Muth, who was charged by the ECCC in absentia on March 3, 2015, is believed to have committed various crimes while acting as commander of naval division 164 during the Khmer Rouge regime, which controlled Cambodia between 1975 and 1979 in an era marked by bloodshed. Among these are allegations of genocide, grave breaches of the Geneva Conventions of 1949, and crimes against humanity such as murder, extermination, imprisonment, enslavement, torture and persecution on racial and political grounds.
On November 28, 2018, the co-investigating judges assigned to Muth’s case delivered conflicting closing orders on these charges. While international co-investigating judge Michael Bohlander issued an indictment sending Muth to trial, the national co-investigating judge issued an order dismissing the case. The national and international co-prosecutors and the co-lawyers for Muth each lodged separate appeals.
In last Wednesday’s decision, the Pre-Trial Chamber confirmed that the appeals of the national and international co-prosecutors were admissible, but dismissed Muth’s co-lawyers’ appeal as inadmissible. As a preliminary point, the judges unanimously decided that the co-investigating judges’ simultaneous issuance of conflicting closing orders was illegal and in violation of the ECCC’s legal framework.
From thence diverging, the national judges went on to consider that the two closing orders possessed the same value and stood valid. The judges stated that “the two Co-Investigating Judges enjoy equal status, and in accordance with the exception of the presumption of innocence, the law in force does not allow the Pre-Trial Chamber to rule that the act of any Co-Investigating Judge has preponderance.” Thus, they opined that the two closing orders maintained the same value and that the case file against Muth should simply be held at the ECCC archives.

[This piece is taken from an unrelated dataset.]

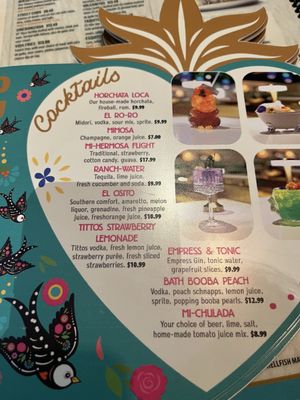 Menu photo 8 Dulce Vida Tacos & Tequila Oklahoma City, OK Menu photo 8 Dulce Vida Tacos & Tequila Oklahoma City, OK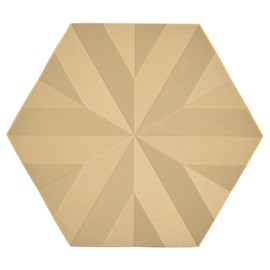Zone Denmark Ori Trivet, 16 x 14 x 0.8 cm, Khaki Flake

In contrast, the international judges considered that the national co-investigating judge had erred in deliberately failing to consider evidence placed on the case file and to decide on all the facts within his seisin. Thus, they declared the dismissal order to be null and void. Furthermore, they considered that under the principle of continuation of prosecution, in the event of unresolved discord between co-investigating judges on whether to issue an indictment or a dismissal order, the indictment should be issued as proposed. The dismissal order, therefore, “constituted an attempt to defeat the default position enshrined in the ECCC legal framework” and was issued ultra vires. In light of the above, the judges upheld the indictment.
With yet another conflict between decisions of national and international judges within the ECCC, it is unclear how the case will proceed, having been left “in limbo.”